Feature: Shadow Transport Secretary Andy McDonald brings Labour’s campaign against rising rail fares to Leamington

Andy McDonald MP (Labour) Shadow Transport Secretary visited Leamington Station  to campaign  on the first working day after New Year, against rail fare rises. He is pictured with local Labour Party members who came along to support him. NNL-170301-212634009
Andy McDonald MP (Labour) Shadow Transport Secretary visited Leamington Station to campaign on the first working day after New Year, against rail fare rises. He is pictured with local Labour Party members who came along to support him. NNL-170301-212634009

Rail passengers in Warwick district and across the country are paying “outrageous” fares to travel amid “staggering” price rises.

This is the view Labour’s Shadow Transport Secretary Andy McDonald MP who visited Leamington station on Tuesday morning as part of his campaign against rising fares.

Brandishing a large mock-up of a rail ticket which highlights that on average fares are up 27 per cent since 2010, Mr McDonald spoke about the issues facing passengers and how the Labour party would tackle them if put in power after the next general election.

He said: “We are highlighting this year-on-year rise in rail fares against a background of a franchise system that’s totally failing people.

“It isn’t providing the service that they want and they are paying a highest fares in Europe.

“People are paying 17% of their average earnings towards season tickets across the country and this is outrageous.

“The whole purpose of our railway system is to try to derive profits for private operators and for us to sponsor and subsidise state-owned railway companies across Europe.”
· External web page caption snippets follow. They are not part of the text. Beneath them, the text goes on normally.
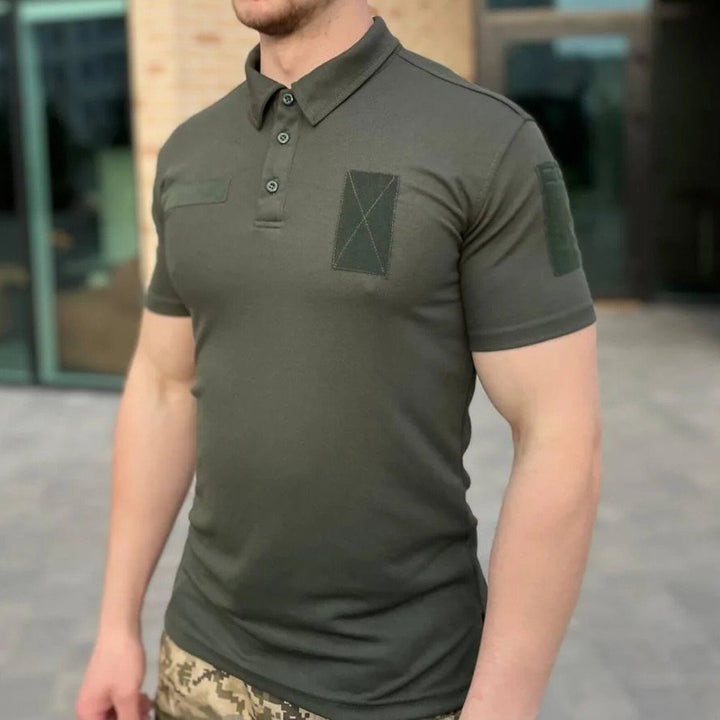 Close-up front view of a man wearing an olive tactical polo shirt with velcro patches and a chest pocket.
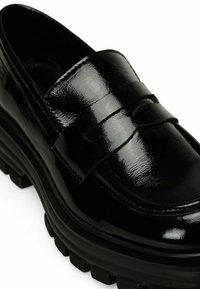 Mocassino in vernice nera con finitura lucida, caratterizzato da una punta arrotondata, doppi accenti a strappo e una suola in gomma nera spessa con grip.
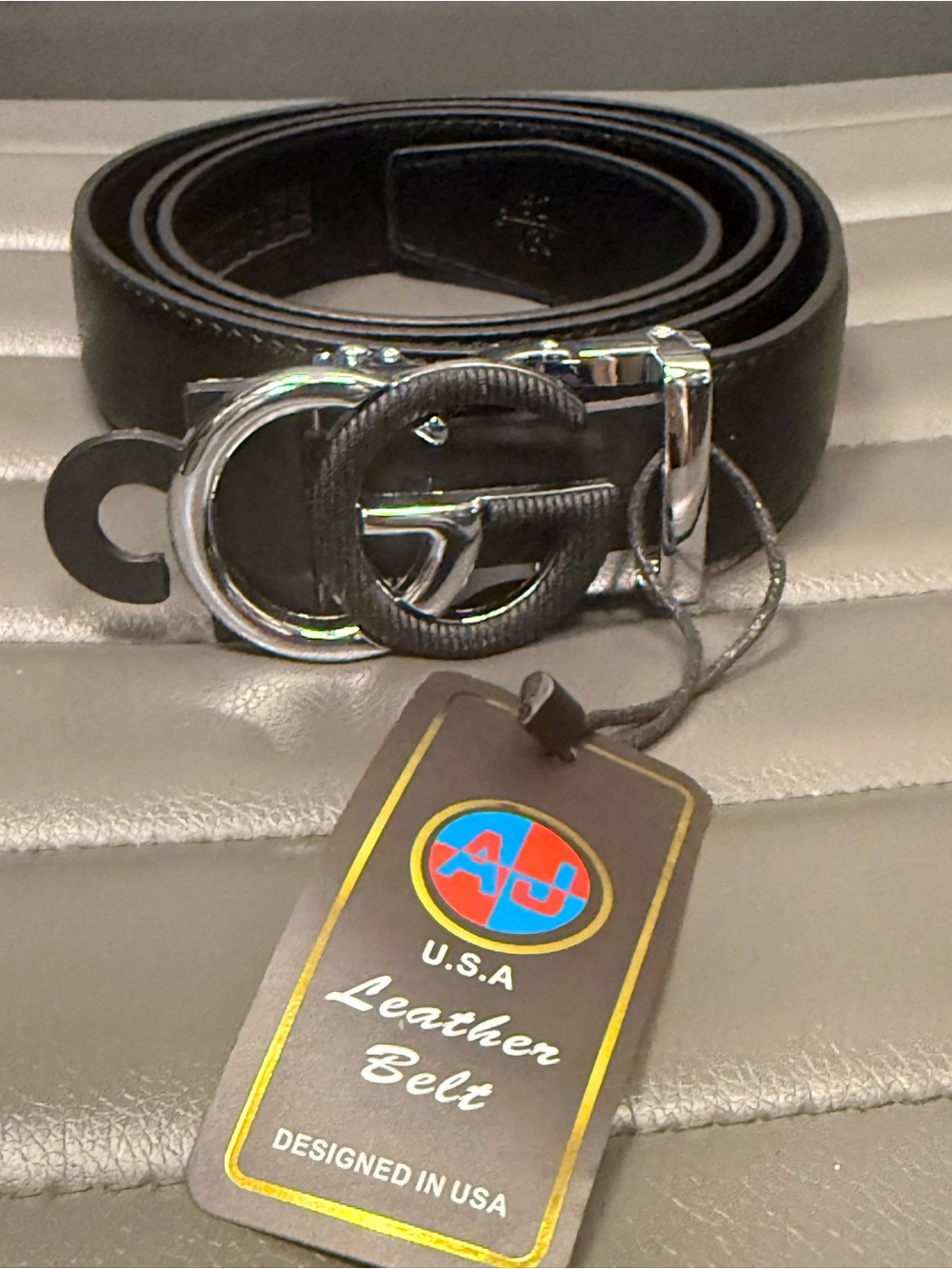 Black Leather Belt with Silver DoubleG Buckle
Size 42-44easy to cut smaller size
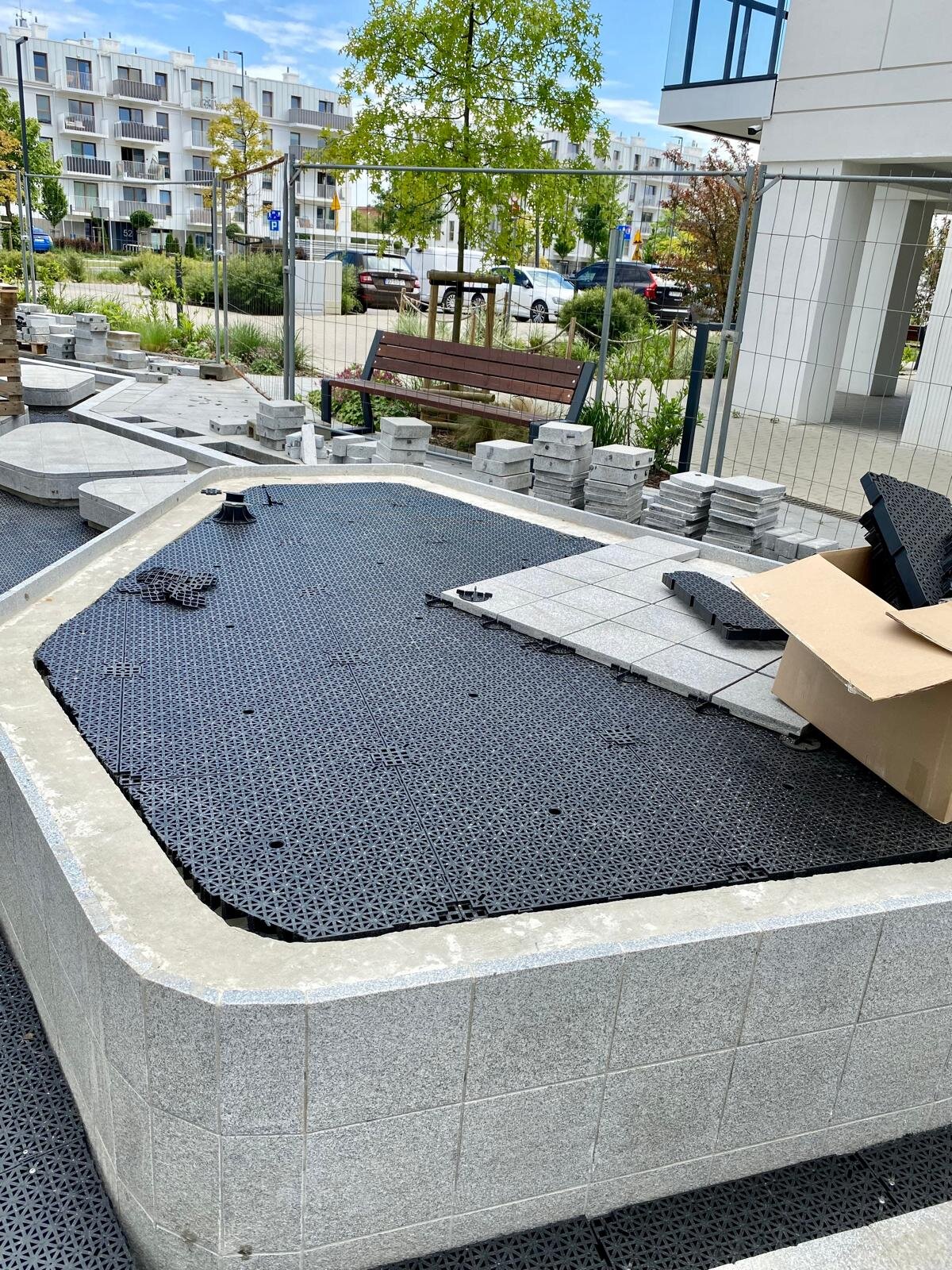 DeckSafe raised pedestal system supporting interlocking drainage subfloor tiles and patio pavers.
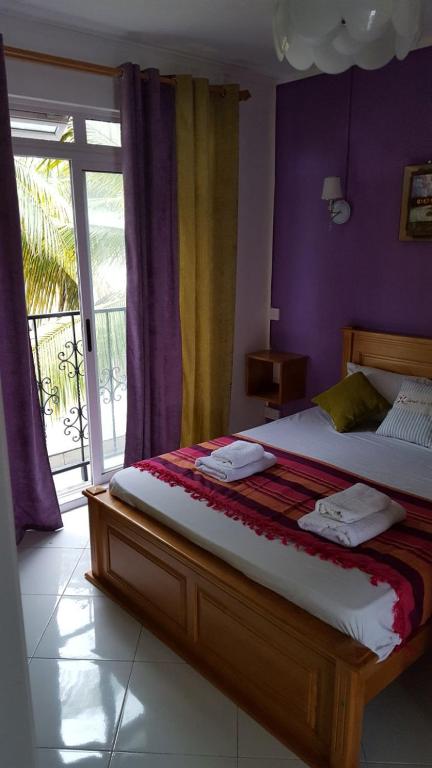 Postel nebo postele na pokoji v ubytování Krishangel Beach Apartment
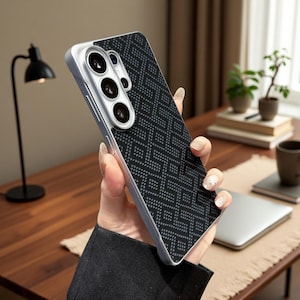 May include: A smartphone case featuring a black back panel with a repeating geometric pattern of small dots. The case has a silver-toned frame and a raised camera module cutout that accommodates three circular lenses and a flash component.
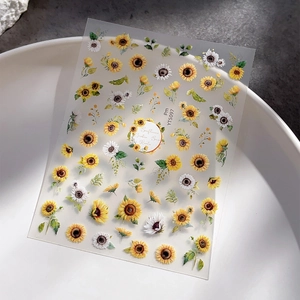 Flat sunflower nail stickers with yellow daisies and green leaves on a white bowl
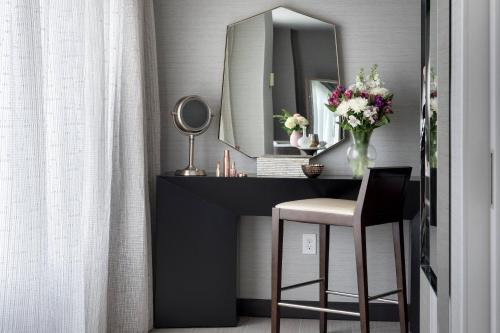 a vanity with a mirror and a stool in a room at Bridgewater Marriott in Bridgewater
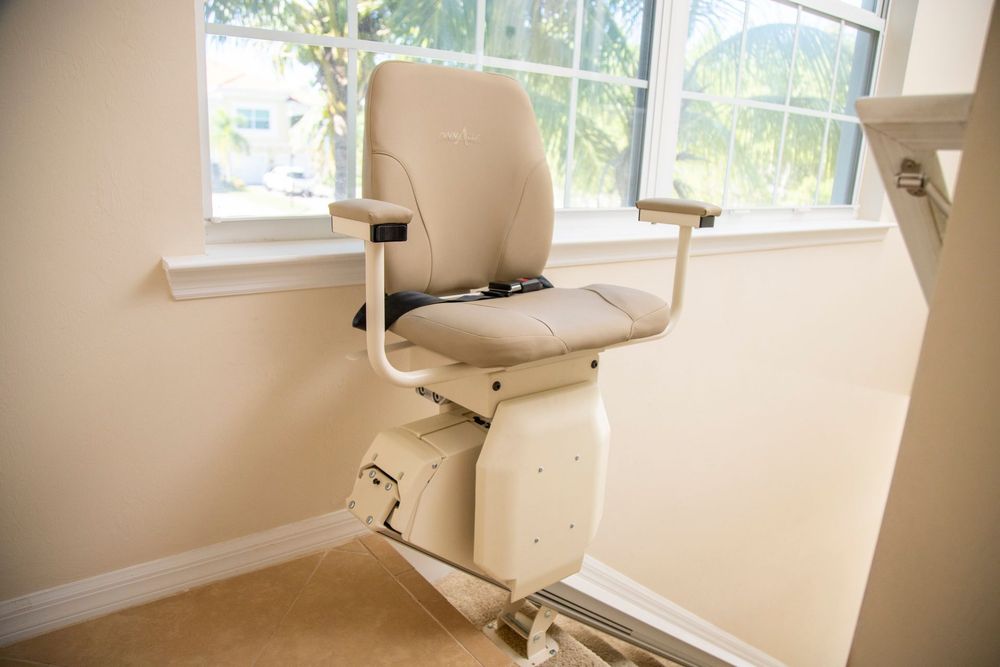 Beige stairlift chair by a window on a light-colored wall.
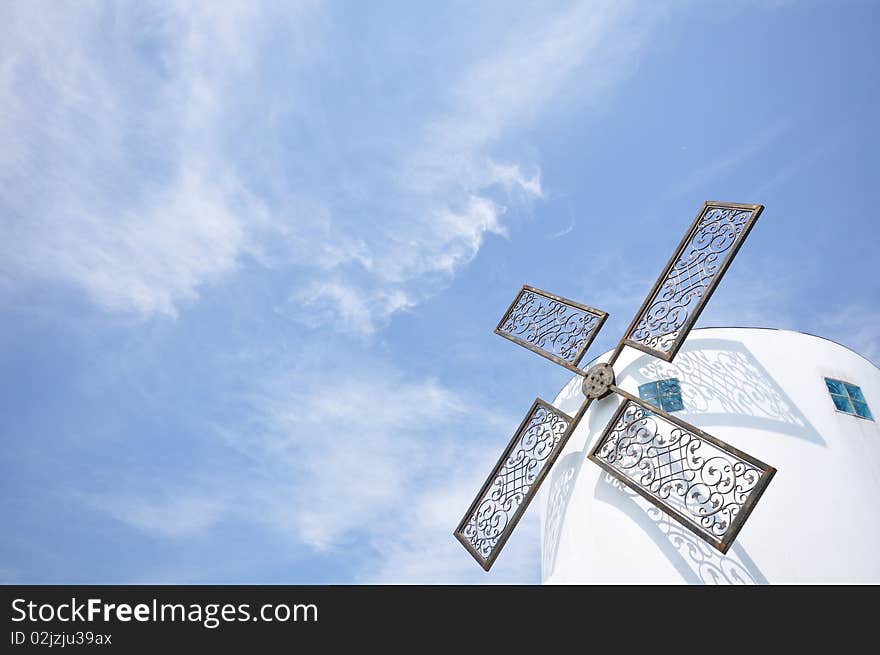 It is a white windmill on a cloudy sky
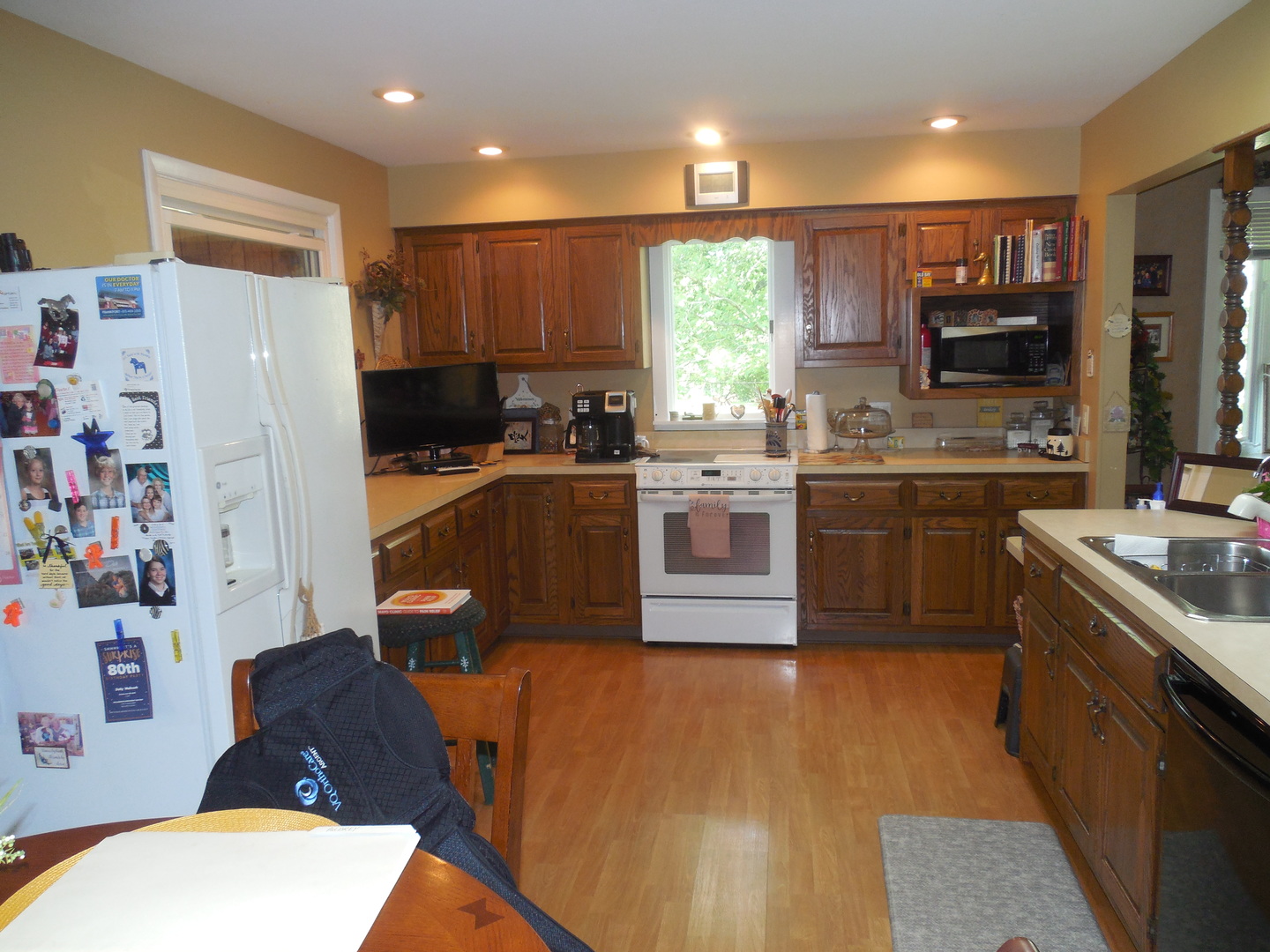 12340 West Offner Road Manhattan, IL 60442 - Photo 8 of 38 a kitchen with stainless steel appliances granite countertop a sink stove and refrigerator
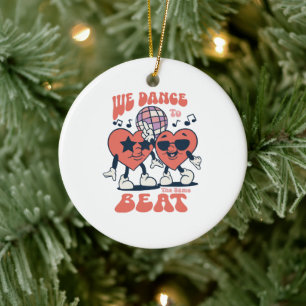we dance to the same beat ceramic ornament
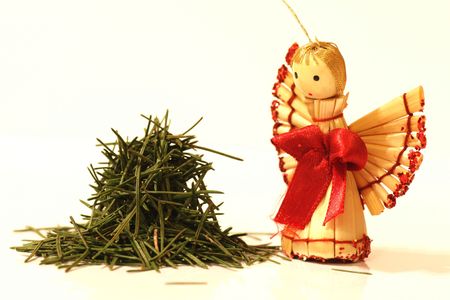 christmas needles and straw angelの写真素材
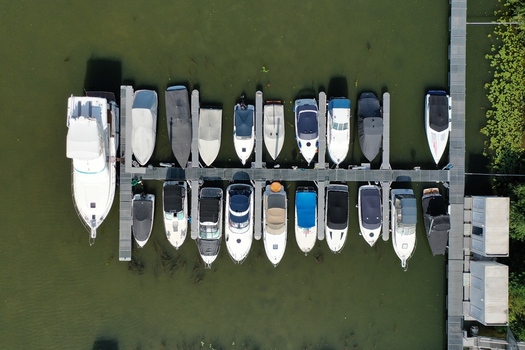 Aerial view of motorboats and yachts docked at the Aschaffenburger Bootsclub pier on the green water of the Main river in Aschaffenburg Bayern Germany. Aerial view of motorboats and yachts docked at the Aschaffenburger Bootsclub pier on the green water of the Main river in Aschaffenburg Bayern Germany.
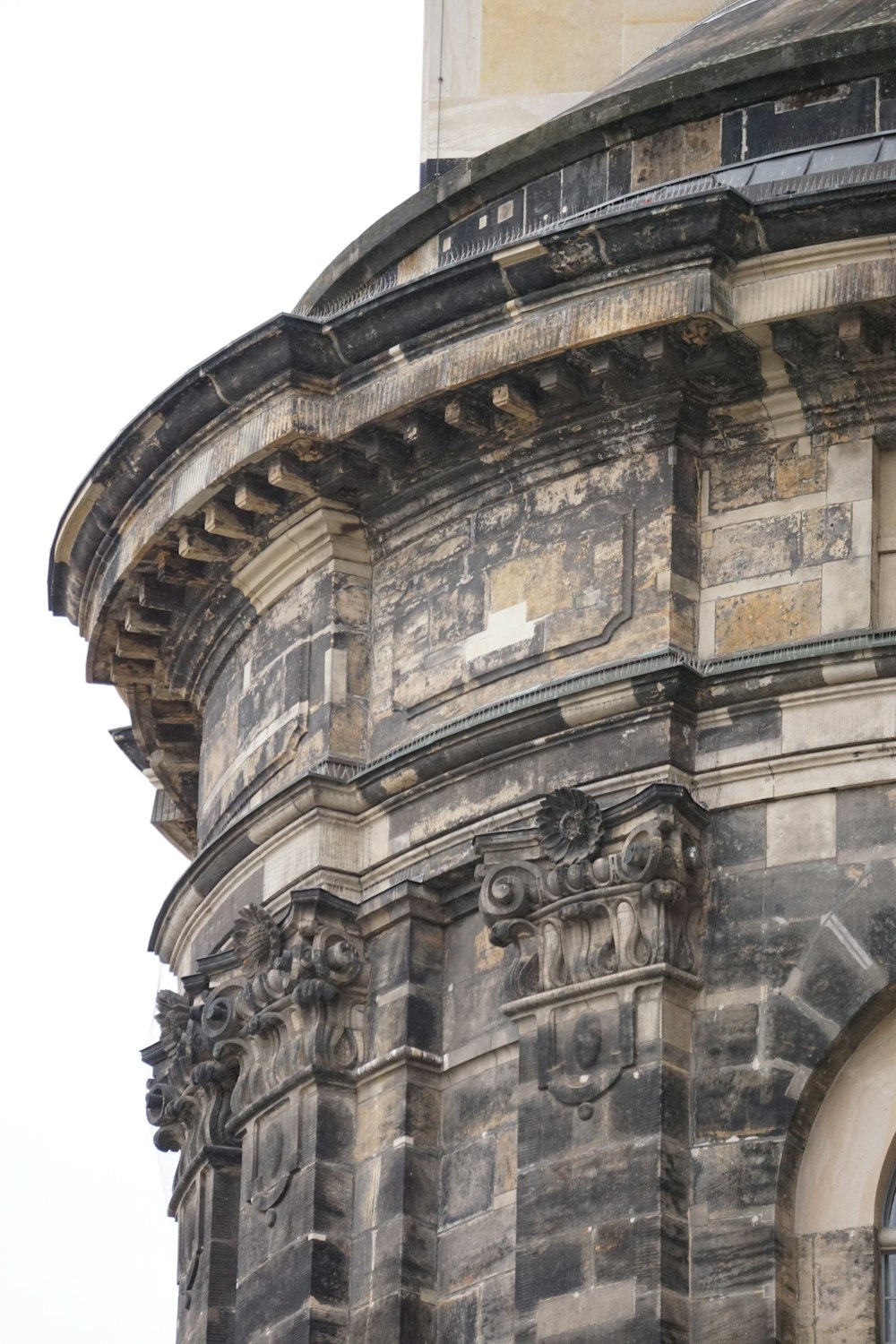 an old building with a clock on the front of it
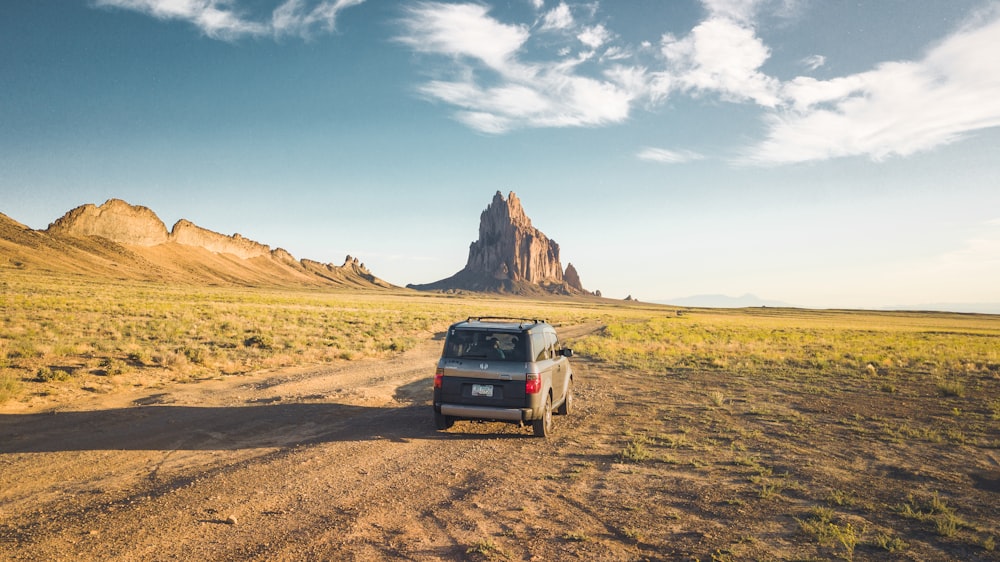 black SUV on dirt road at daytime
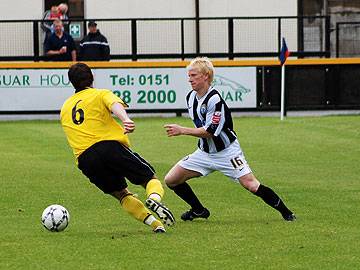 David Perkins looks to take on Southport's Dave Prout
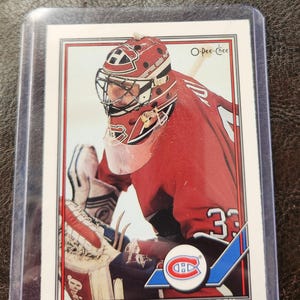 May include: A hockey trading card featuring Patrick Roy of the Montreal Canadiens. The card shows Roy in his red and white goalie gear, with the team logo and his number 33 visible. The card is in a protective sleeve.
Statistics provided by Labour as part of the campaign show that those travelling between Leamington and Coventry are paying £252 more for an annual season ticket than the £844 they did in 2010 - a 30 per cent rise.

The cost of a season ticket between Warwick and Birmingham Moor Street has gone up by 32%per cent from £1,114 in 2010 to £1,468 now.

And passengers travelling between Warwick Parkway and Acocks Green in Birmingham are now paying £336, or 29 per cent more, than the £1,114 it would cost them for a season ticket in 2010.

Mr McDonald said: “It is the same everywhere in the country, they are paying ridiculously high fares.

“We’ve had a 2.3 per cent increase and with some unregulated fares we have seen rises of 4.9 per cent.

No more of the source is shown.